Die Erfahrung der langjährigen Genossen mit den Ideen der jungen Genossen vereinen

Der neue Vorstand mit dem Landesausschussmitglied (Mitte)

 

Mit den öffentlichen Veranstaltungen zum Altanschließergesetz wurde ein wichtiges Thema für die Bürgerinnen und Bürger aufgegriffen, wie die Besucherzahlen bewiesen.

Kritisch wurden die Bundeswahlergebnisse gesehen. Auch die öffentlich geführten Auseinandersetzungen in der Parteispitze haben Anteil an dem Ergebnis und wird von der Parteibasis im Elbe-Elster Kreis abgelehnt.

Nicht genügend in den Mittelpunkt der Wahlen stand die Aussage der Linken, soziale und gerechte Partei für Alle in Deutschland lebende Menschen zu sein.

Die Linke wird von vielen Wählern nicht mehr als Protest- und Oppositionspartei wahrgenommen.

Der Umzug der Kreisgeschäftsstelle war zwar mit einem großen Aufwand verbunden, doch mit der Barrierefreiheit, moderneren, helleren Räumen und die Einbindung in den Verein der Langen Straße ein Gewinn.

Auch die Neubesetzung der Funktion des Kreisschatzmeisters stellte kurzfristig ein Problem dar, das gelöst wurde.

In den Ausführungen der amtierenden Schatzmeisterin erfuhren die Anwesenden, das der Kreisverband finanziell auf „gesunden Füssen“ steht, die Ausgaben nicht die Einnahmen überstiegen und auch der Wirtschaftsprüfer keine Beanstandungen hatte.

So konnten die Mitglieder den alten Kreisvorstand entlasten und den neuen Vorstand wählen.
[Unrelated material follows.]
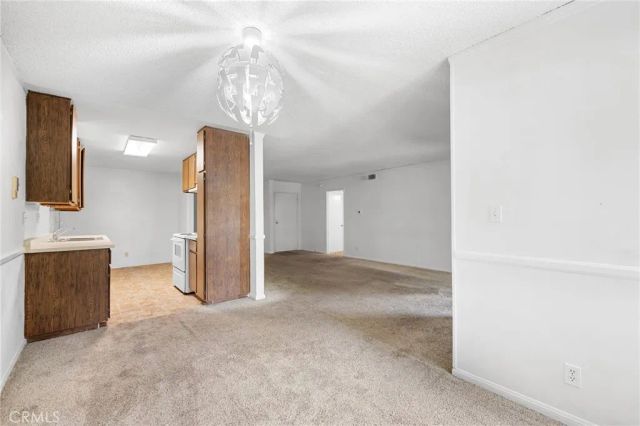 320 E Stocker 107, Glendale, CA 91207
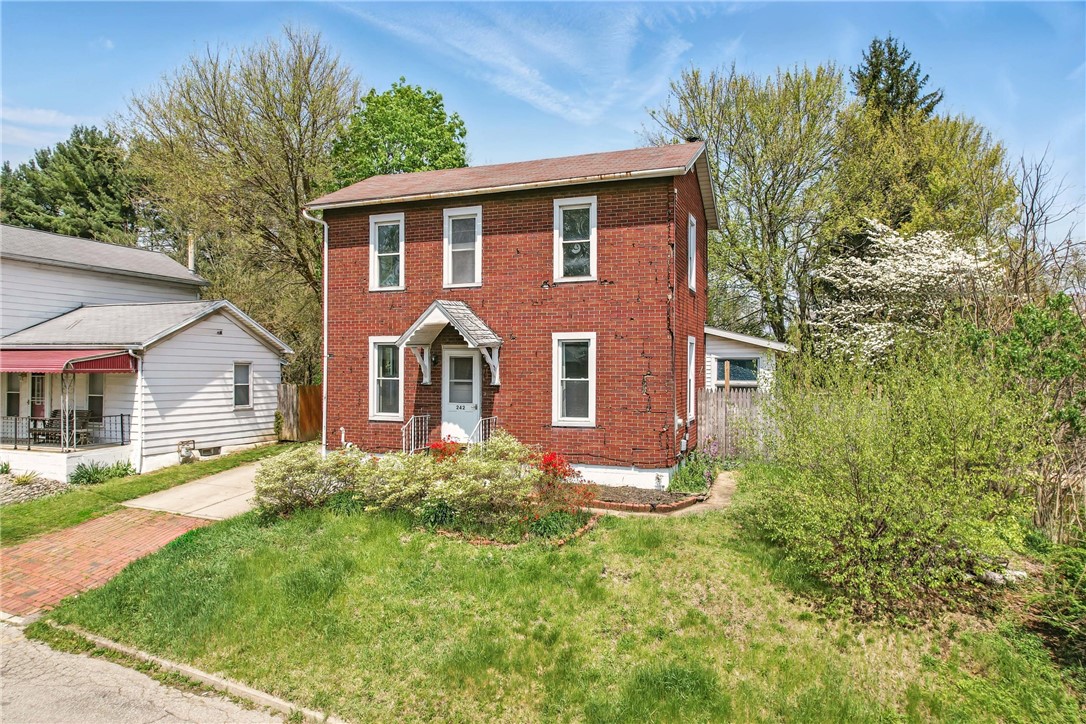 242 Lincoln St St, Sharon, Pennsylvania image 1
Neu ist die quotierte Doppelspitze, die mit über 95% der abgegebenen Stimmen von Monika Förster und Herbert Damm besetzt werden.

Neu im Vorstand ist auch der in diesem Jahr eingetretene Genosse Aaron Birnbaum. Im Schlusswort der neuen Vorsitzenden wurde dann noch deutlich gemacht, das die Mischung - die Erfahrung der langjährigen Mitglieder und die neuen Ideen der jungen Mitglieder - kann die Arbeit des neuen Vorstandes bereichern.